Ramirez v. Wyeth Laboratories, Inc.

686 NYS2d 602 | N.Y. Sup. Ct. | 1999

OPINION OF THE COURT

Stanley L. Sklak, J.

In this product liability and medical malpractice action involving the use of the contraceptive Norplant, defendants Wyeth Laboratories, Inc., the distributor of the Norplant System, and its parent American Home Products Corporation (collectively, Wyeth), move for summary judgment pursuant to CPLR 3212.

This action arises out of plaintiff Leidy Ramirez’s (Ramirez) use of the Norplant System, a hormonal contraceptive that involves the subcutaneous insertion of six hormone-filled capsules by a healthcare provider, in this case a nurse practitioner, in the upper arm of the patient and provides up to five years of birth control protection.

The verified complaint alleges that in July 1993, at an office of defendant Planned Parenthood of New York City, Inc. (Planned Parenthood), six implants comprising the Norplant System were inserted into Ramirez’s left arm by Barbara Finney, a nurse practitioner. Finney, in 1989, received her New York State certification as a women’s health care nurse practitioner which enabled her to write prescriptions, except for controlled substances. This certification enabled her to prescribe and evidently to insert and remove Norplant. Finney testified that Wyeth’s representatives gave training and training material to her, including a model arm on which to practice insertions and removals. She also indicated that prior to the receipt of the model she never performed any surgical procedures involving incisions of the skin, and had no surgical training. Finney testified that she did not know whether any of the materials warned of certain risks of. removal including excessive scarring and chronic pain, that she was unaware of *766whether any materials provided by Wyeth discussed long-term sequelae associated with Norplant removal, and that she never counseled women regarding the long-term sequelae. Finney also testified that Planned Parenthood’s service provider would assess a patient’s suitability for Norplant, and that in the plaintiffs case she (Finney) was the provider. Finney stated that if a patient had contraindications for Norplant she would consult with Dr. Irvin Rust, the medical director, but that otherwise no one other than the provider would decide whether a patient was a suitable candidate for Norplant. Finney further testified that the decision to prescribe and insert Norplant into the plaintiff was Finney’s alone. Due to various complaints on the part of the plaintiff the Norplant System was subsequently removed by Finney from Ramirez’s arm in January and March 1994.

Plaintiff asserts that she suffered from various injuries as a result of the Norplant. The injuries alleged include headaches, weight loss, hair loss, excessive scarring, and permanent damage to the left median brachial cutaneous nerve of the arm, resulting in sensory loss, pain, and weakness in the affected arm.
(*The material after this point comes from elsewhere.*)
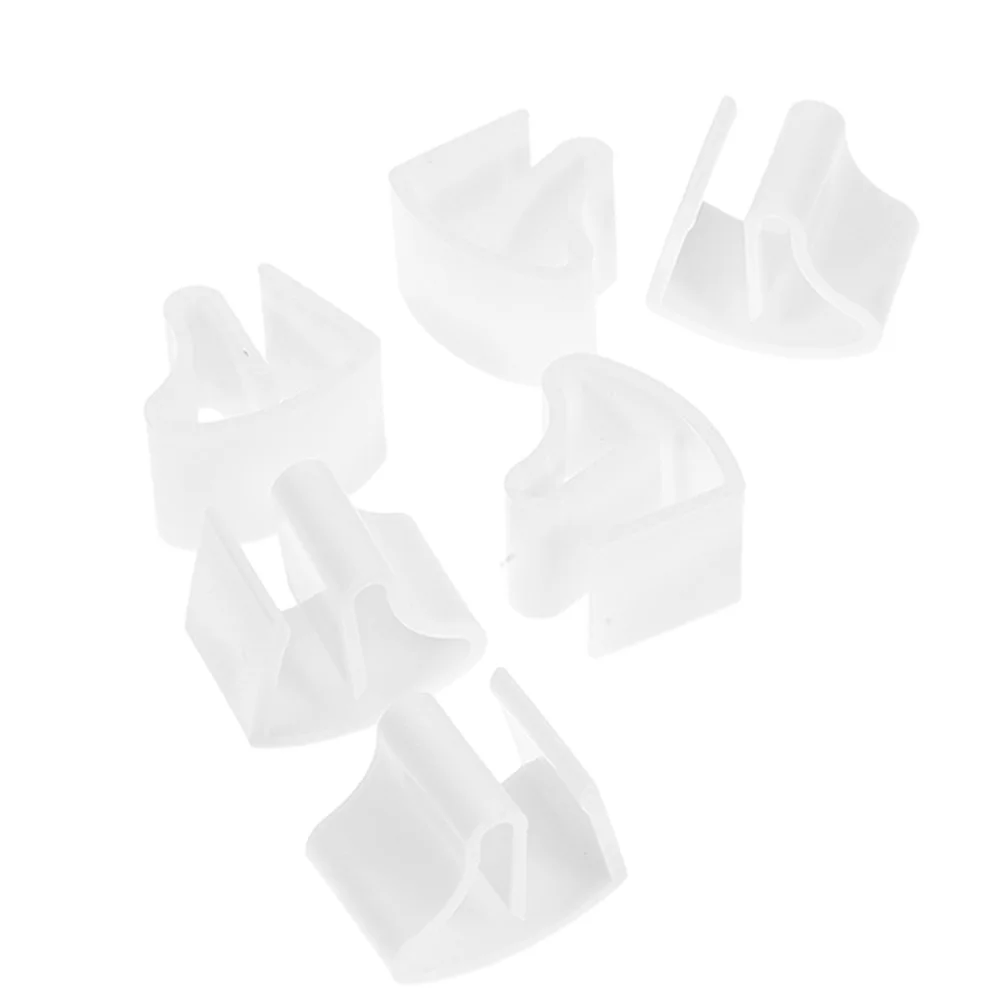 

6Pcs Pleated Curtain Hooks Heavy Duty for Window Drapes Pinch Pleat Hangers Universal Curtain Accessories Home Decoration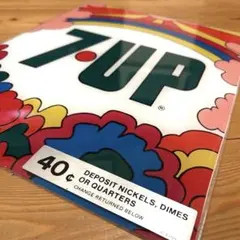 71年　セブンアップ　7up アドバタイジング　シールサイン　ピーターマックス 2025年最新】ピーターマックス 7upの人気アイテム - メルカリ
The verified complaint asserts seven causes of action, five of which are relevant to the instant motion: (1) negligence; (2) strict liability in tort for the manufacturing, marketing, distribution, and sale of a defective product; (3) breach of implied warranty of fitness and merchantability; (4) breach of express warranty of fitness and merchantability; and (5) fraudulent misrepresentation. In essence, Ramirez maintains that the Norplant System was a defective device in that Wyeth failed to properly warn healthcare providers and patients of the risks and side effects associated with its use, including the risk of permanent damage to the nerves in close proximity to the site of implantation, failed to inform healthcare providers of the proper implant site on the upper arm in light of the proximity of nerves in certain parts of the upper arm, and that Wyeth’s literature deceptively understated the risk and extent of potential scarring.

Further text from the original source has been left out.